SOUTH AFRICA – The Coega Development Corporation (CDC), a public entity wholly owned by the Eastern Cape Provincial Government of South Africa has cut sodo for the construction of the R206 million (US$12.6m) Coega Aquaculture Development Zone (ADZ).

CDC is mandated to develop and operate the 9, 003-hectare Coega Special Economic Zone (SEZ) located at Nelson Mandela Bay Metropolitan Municipality in South Africa.

The establishment of the aquaculture park is funded by the Department of Economic Development, Environmental Affairs & Tourism (DEDEAT) through the Provincial Stimulus Fund.

According to CDC, it is expected to create over 900 jobs in line with the provincial development strategy and focuses on establishing the Eastern Cape’s (EC) Oceans Economy.

“As government, the most important thing is to save jobs and go beyond saving to creating jobs. This stimulus fund seeks to fund enterprises that seek to save jobs, this is something that we have done and continue to do.”

“With the Oceans Economy Master Plan there is a lot to be tapped and if we focus on that Master Plan we will create jobs, especially with the coastline that we have in the EC,” said MEC for Economic Development and Finance – Mlungisi Mvoko.

So far CDC has signed 4 Letters of Intent (LOI’s) with companies which have shown interest in building two Perlemoen Farms and two Finfish Farms.

The two Perlemoen Farms projects are earmarked to create over 700 jobs and the two Finfish Farms coming in with 200 jobs.

Coega Aquaculture Development Zoneis expected to create over 900 jobs.

According to CDC Project Development Manager, Dr Du Plessis, they are currently working on installation of the needed infrastructure for the development of the farms which will take up to 9 months to get things off the ground.

Built on 400ha of land, ADZ’s first phase will occuppy110ha.
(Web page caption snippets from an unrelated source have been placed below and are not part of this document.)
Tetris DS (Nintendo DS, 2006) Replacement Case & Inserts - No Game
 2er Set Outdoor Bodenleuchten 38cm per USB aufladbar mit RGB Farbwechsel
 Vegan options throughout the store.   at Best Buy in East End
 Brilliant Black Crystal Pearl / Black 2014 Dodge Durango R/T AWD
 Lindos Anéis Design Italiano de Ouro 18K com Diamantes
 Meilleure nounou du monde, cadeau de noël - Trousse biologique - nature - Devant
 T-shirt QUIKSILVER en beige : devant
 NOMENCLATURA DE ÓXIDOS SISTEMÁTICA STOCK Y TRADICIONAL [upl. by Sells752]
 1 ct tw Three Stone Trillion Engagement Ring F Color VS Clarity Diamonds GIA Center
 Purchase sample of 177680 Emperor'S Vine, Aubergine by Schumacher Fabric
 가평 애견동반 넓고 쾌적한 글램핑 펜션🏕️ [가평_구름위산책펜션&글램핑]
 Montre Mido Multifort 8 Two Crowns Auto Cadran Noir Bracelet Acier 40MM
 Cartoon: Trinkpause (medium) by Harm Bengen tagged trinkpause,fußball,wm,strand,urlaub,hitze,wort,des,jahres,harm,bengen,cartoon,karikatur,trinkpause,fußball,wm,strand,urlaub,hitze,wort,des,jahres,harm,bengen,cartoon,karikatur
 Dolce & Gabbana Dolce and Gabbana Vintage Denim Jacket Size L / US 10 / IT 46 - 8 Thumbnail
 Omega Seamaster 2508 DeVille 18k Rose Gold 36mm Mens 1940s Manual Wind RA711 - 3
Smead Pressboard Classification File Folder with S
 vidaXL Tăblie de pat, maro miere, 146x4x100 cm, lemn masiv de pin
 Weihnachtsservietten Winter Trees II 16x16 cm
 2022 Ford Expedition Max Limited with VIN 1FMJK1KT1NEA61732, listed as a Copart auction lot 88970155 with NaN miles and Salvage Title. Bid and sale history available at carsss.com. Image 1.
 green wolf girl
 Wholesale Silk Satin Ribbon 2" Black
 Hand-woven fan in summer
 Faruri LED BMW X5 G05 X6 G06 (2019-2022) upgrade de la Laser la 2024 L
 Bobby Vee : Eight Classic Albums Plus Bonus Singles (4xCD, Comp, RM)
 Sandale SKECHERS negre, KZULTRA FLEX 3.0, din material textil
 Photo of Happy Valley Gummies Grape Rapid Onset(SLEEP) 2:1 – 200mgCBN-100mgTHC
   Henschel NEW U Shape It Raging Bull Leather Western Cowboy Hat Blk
The project will also see the construction of a desalination plant.

Meanwhile, CDC has extended its market offering beyond the South African borders into Zimbabwe, Cameroon, Central African Republic (CAR) and Democratic Republic of Congo (DRC) under the Coega Africa Programme (CAP).

In Zimbabwe, the organization is providing consulting services to develop the Norton (Lentsloane) and Eco-Soft Special Economic Zones in Harare, privately owned by TD Holdings.

TD Holdings has interest in other businesses, which include, amongst others, Lunar Global Foods, and Redwing Agro-City.

The CAP has further obtained a 20-year concession of Logistics Bases in Douala in Central African Republic for the development of a Dry Port for the storage of goods.

The project will commence in April 2021 with an estimated investment value of US$ 30m.

The entity is awaiting confirmation of projects in Cameroon and the DRC.